Margaret Deefholts with her parents and grandmother in Asansol 

Mills adds that she has come across cliques even within Anglo Indians, a fact confirmed by several Anglo Indians, but it seems the value system is remarkably similar across backgrounds and classes. Anglo Indians have very strong family ties, they are usually liked by others around them, and again, seen as part of the social wallpaper, says Mills, and not as the “freaks” or romantic castaways, or dinosaurs projected by journalists or writers.
 
Mills says she often finds that some of the very people who fret about the future loss of Anglo Indian identity, in the same breath, go on to report that their daughter is off to nursing school, their son is involved in two Roman Catholic charities, working for Air Canada, and playing cricket on the weekend. Others, branded as being in “danger of assimilation” show typical hospitality, attention to their work, strong Christian values, love of Indian cuisine, fondness for friends from India, and love Anglo Indian get togethers. Mills says she does not buy into the gloomy stories of a dying breed of human “leftovers” from the British empire.

Lumb says he wants history to remember the Anglo Indian legacy as that of a people who contributed in large measure to the success of the British empire, but did not, at the same time lose their close attachment to India. “We were born there and love to go back.
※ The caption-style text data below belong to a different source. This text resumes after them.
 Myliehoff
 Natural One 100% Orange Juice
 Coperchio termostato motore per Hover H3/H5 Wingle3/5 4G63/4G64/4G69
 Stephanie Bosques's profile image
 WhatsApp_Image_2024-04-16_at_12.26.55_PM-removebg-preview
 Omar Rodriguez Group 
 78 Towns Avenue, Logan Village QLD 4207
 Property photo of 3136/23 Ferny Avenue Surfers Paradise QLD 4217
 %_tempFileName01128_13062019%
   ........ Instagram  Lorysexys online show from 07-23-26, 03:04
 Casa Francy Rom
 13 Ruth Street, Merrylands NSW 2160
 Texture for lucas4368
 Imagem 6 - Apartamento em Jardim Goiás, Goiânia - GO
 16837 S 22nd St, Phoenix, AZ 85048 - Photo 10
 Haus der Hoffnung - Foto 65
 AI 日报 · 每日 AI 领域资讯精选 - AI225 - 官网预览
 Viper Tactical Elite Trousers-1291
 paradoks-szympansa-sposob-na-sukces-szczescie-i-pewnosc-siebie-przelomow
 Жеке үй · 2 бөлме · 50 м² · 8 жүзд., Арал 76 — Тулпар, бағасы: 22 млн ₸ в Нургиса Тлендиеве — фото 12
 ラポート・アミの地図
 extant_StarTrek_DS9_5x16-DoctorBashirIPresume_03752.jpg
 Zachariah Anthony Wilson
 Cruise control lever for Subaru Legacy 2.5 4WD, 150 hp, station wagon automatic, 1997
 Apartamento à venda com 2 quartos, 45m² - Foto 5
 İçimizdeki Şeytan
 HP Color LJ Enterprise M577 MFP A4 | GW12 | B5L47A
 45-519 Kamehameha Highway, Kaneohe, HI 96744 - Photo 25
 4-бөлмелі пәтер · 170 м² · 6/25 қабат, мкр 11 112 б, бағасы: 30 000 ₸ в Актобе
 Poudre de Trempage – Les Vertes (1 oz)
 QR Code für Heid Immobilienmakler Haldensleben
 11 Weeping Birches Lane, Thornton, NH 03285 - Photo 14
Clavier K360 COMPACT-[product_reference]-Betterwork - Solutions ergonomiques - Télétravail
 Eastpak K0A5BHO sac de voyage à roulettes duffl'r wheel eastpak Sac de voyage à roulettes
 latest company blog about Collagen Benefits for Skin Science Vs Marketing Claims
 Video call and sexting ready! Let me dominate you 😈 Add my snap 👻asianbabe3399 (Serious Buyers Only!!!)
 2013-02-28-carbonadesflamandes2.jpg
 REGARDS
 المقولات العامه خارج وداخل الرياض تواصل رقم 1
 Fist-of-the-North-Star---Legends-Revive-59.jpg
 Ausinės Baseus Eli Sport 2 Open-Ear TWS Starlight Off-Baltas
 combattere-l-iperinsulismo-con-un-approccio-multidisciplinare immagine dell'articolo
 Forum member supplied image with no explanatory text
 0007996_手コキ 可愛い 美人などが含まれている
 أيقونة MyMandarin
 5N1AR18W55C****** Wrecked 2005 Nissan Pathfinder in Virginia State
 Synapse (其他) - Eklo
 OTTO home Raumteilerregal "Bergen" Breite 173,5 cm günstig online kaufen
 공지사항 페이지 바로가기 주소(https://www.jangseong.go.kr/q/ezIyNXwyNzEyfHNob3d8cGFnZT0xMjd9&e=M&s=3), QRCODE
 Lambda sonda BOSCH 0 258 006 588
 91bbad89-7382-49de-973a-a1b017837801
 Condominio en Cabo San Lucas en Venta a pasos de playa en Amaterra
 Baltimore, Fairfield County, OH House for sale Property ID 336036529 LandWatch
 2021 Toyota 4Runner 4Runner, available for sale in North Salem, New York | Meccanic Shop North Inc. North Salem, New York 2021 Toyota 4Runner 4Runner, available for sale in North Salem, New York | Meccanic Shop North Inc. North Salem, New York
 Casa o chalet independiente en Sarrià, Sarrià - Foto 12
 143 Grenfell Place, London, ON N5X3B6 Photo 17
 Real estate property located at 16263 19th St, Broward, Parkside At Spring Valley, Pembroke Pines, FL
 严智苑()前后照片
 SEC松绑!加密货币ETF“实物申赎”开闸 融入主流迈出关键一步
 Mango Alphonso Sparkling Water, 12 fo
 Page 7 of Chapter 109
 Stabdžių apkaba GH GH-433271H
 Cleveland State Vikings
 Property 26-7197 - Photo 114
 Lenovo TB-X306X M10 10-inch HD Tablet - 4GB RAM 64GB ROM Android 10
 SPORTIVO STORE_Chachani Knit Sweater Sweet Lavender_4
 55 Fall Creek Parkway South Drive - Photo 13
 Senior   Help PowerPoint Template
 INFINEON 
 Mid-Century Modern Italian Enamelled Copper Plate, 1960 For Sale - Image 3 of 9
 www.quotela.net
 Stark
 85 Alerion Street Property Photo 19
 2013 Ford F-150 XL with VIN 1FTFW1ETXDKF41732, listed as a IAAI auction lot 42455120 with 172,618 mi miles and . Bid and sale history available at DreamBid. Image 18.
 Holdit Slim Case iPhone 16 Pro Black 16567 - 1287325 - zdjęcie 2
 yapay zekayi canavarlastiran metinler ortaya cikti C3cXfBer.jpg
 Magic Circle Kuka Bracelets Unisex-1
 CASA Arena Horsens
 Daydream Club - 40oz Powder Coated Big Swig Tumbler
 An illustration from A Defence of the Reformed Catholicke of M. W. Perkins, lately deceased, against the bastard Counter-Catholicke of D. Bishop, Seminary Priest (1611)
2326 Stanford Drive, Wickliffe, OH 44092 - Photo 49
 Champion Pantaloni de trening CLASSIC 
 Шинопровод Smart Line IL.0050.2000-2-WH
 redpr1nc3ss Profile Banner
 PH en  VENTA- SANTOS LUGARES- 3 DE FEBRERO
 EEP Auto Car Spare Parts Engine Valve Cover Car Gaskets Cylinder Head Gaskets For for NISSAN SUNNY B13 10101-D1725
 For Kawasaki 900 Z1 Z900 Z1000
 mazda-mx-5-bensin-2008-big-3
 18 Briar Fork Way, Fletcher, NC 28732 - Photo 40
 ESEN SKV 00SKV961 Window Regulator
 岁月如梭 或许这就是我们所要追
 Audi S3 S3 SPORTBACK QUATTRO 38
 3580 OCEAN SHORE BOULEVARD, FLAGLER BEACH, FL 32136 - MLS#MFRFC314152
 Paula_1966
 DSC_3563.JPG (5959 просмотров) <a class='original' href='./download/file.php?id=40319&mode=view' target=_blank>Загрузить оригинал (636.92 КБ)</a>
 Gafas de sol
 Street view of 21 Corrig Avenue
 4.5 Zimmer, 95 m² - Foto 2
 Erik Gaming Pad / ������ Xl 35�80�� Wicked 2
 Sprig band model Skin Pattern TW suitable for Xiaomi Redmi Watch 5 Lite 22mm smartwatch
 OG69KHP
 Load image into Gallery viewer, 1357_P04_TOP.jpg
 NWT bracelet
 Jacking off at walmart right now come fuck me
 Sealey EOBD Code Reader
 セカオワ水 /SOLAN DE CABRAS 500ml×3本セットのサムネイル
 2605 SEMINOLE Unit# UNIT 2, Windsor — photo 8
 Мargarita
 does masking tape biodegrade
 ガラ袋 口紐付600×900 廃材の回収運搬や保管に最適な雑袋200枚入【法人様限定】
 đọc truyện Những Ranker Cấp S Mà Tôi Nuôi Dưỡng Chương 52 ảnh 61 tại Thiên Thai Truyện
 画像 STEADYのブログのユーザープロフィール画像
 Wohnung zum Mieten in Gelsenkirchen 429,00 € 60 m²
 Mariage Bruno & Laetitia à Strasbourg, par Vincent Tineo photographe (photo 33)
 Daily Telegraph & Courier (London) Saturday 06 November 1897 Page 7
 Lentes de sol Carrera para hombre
As little children we were told some English tales at bedtime by our parents, but then came our ayah, who told us lovely Indian stories and somewhere the lines blurred. There isn’t a single Anglo Indian who grew up in that era who doesn’t get confused at some time or the other and wonder, ‘Was that the English story or was that the Indian story?’ When I see an Indian sunset, whether it is on the beaches of Goa or in the mountains of Kulu valley, I know that this is my spiritual home, no matter where I live.”

Staub muses, “Our history is important because we have been the largest, most interesting experiment in genetics between the east and the west and have represented the finest of both hemispheres in many ways. We even learnt values like loyalty from the British, who preached, but never practiced it. From our Indian brethren we learnt kindness, hospitality and a wide open attitude towards religion, because Hinduism is a philosophy, a way of life and open to any one who cares to be a part of it. We are also the only truly global community and there is a lot the current generations can learn from us.”